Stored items
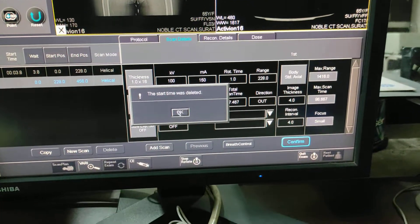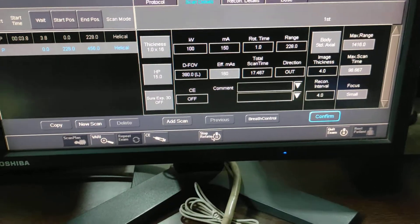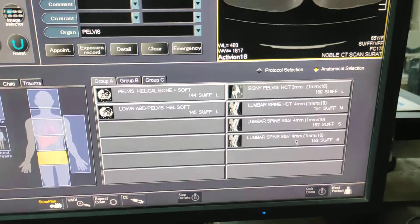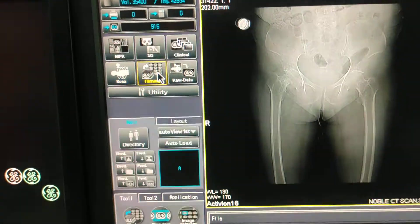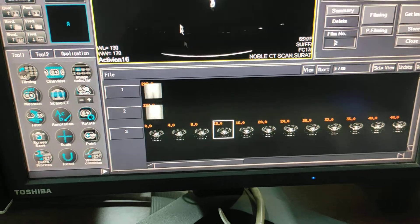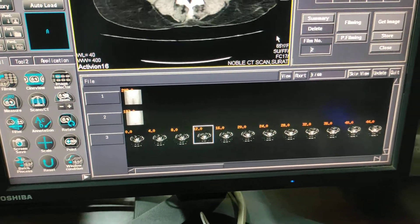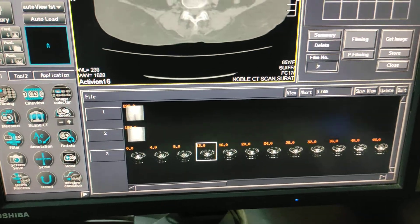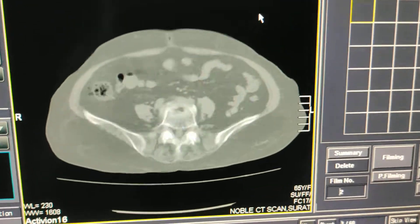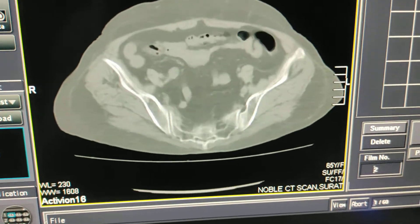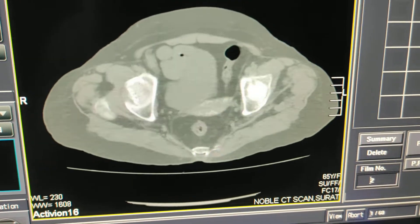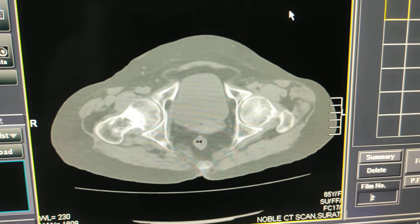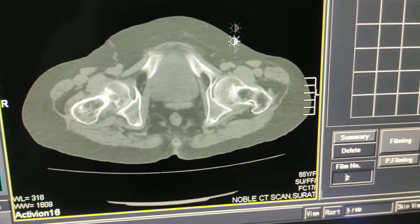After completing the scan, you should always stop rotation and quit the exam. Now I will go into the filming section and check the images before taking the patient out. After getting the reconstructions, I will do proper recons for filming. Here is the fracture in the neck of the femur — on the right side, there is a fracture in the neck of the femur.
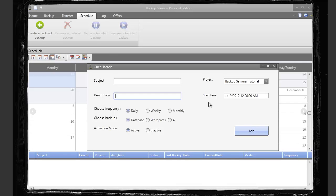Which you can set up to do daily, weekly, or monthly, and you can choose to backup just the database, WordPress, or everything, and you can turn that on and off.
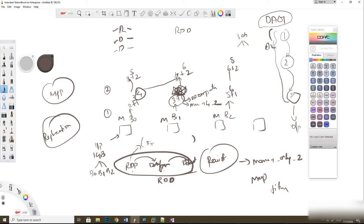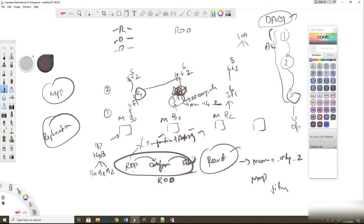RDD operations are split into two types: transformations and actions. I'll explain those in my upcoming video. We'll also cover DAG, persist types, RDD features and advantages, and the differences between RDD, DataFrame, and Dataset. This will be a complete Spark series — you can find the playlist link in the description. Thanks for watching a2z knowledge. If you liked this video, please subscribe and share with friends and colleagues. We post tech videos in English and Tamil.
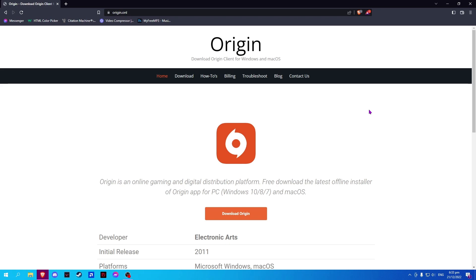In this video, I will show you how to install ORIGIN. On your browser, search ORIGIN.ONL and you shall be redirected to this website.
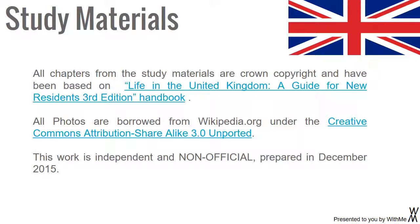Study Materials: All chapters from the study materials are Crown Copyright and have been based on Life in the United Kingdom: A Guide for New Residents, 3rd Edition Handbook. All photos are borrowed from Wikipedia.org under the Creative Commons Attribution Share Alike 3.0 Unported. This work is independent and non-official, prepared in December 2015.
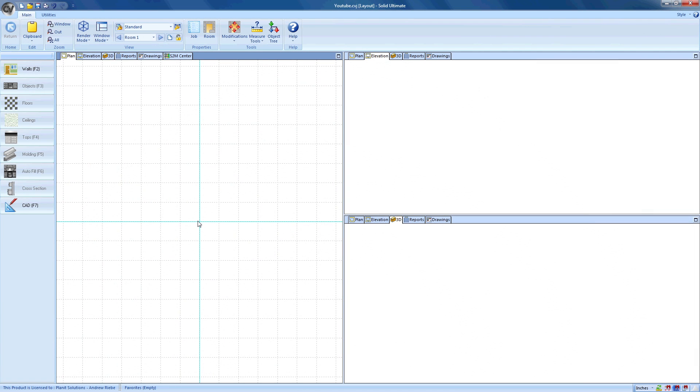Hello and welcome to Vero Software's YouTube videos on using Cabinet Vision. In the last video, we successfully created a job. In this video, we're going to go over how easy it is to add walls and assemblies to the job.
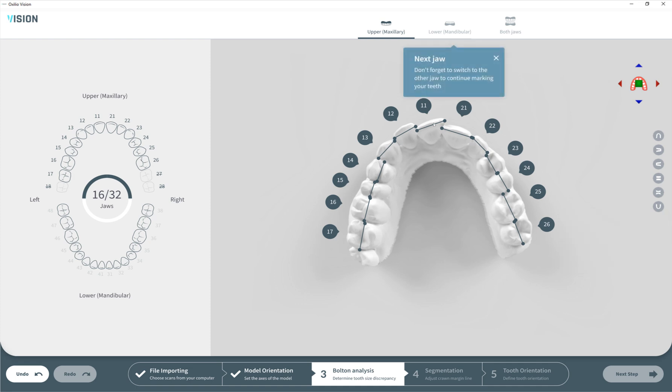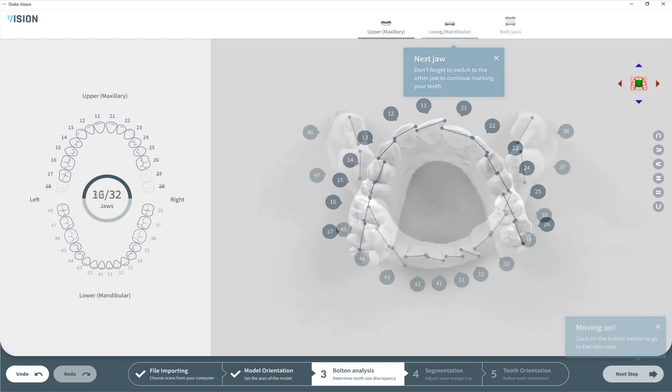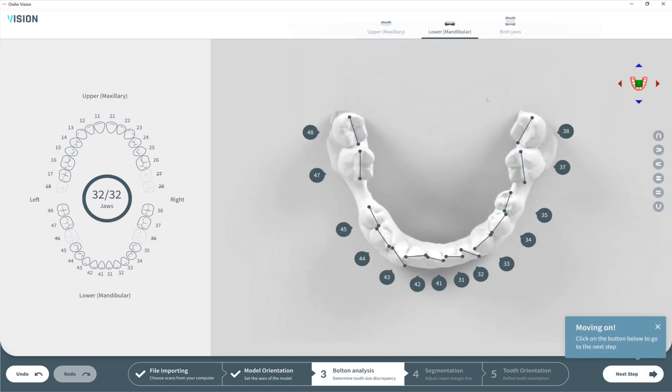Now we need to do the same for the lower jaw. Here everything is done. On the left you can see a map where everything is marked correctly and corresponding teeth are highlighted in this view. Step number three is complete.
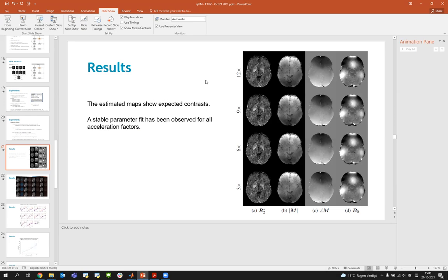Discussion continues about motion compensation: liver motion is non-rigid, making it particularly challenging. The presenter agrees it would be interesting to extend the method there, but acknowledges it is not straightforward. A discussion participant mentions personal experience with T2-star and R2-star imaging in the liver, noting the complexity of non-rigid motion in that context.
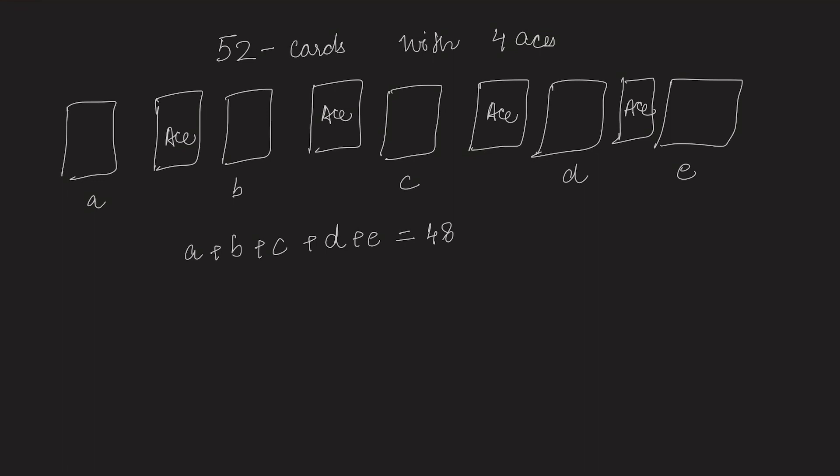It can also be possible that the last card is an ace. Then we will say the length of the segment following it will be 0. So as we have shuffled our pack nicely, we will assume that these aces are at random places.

**TASK GOAL**
All of the entries above should be retyped exactly, with the pictures left out.

**REPLY**
After completing the scan, you should always stop rotation and quit the exam. Now I will go into the filming section and check the images before taking the patient out. After getting the reconstructions, I will do proper recons for filming. Here is the fracture in the neck of the femur — on the right side, there is a fracture in the neck of the femur.
Which you can set up to do daily, weekly, or monthly, and you can choose to backup just the database, WordPress, or everything, and you can turn that on and off.
RDD operations are split into two types: transformations and actions. I'll explain those in my upcoming video. We'll also cover DAG, persist types, RDD features and advantages, and the differences between RDD, DataFrame, and Dataset. This will be a complete Spark series — you can find the playlist link in the description. Thanks for watching a2z knowledge. If you liked this video, please subscribe and share with friends and colleagues. We post tech videos in English and Tamil.
In this video, I will show you how to install ORIGIN. On your browser, search ORIGIN.ONL and you shall be redirected to this website.
Study Materials: All chapters from the study materials are Crown Copyright and have been based on Life in the United Kingdom: A Guide for New Residents, 3rd Edition Handbook. All photos are borrowed from Wikipedia.org under the Creative Commons Attribution Share Alike 3.0 Unported. This work is independent and non-official, prepared in December 2015.
Hello and welcome to Vero Software's YouTube videos on using Cabinet Vision. In the last video, we successfully created a job. In this video, we're going to go over how easy it is to add walls and assemblies to the job.
Now we need to do the same for the lower jaw. Here everything is done. On the left you can see a map where everything is marked correctly and corresponding teeth are highlighted in this view. Step number three is complete.
Discussion continues about motion compensation: liver motion is non-rigid, making it particularly challenging. The presenter agrees it would be interesting to extend the method there, but acknowledges it is not straightforward. A discussion participant mentions personal experience with T2-star and R2-star imaging in the liver, noting the complexity of non-rigid motion in that context.
It can also be possible that the last card is an ace. Then we will say the length of the segment following it will be 0. So as we have shuffled our pack nicely, we will assume that these aces are at random places.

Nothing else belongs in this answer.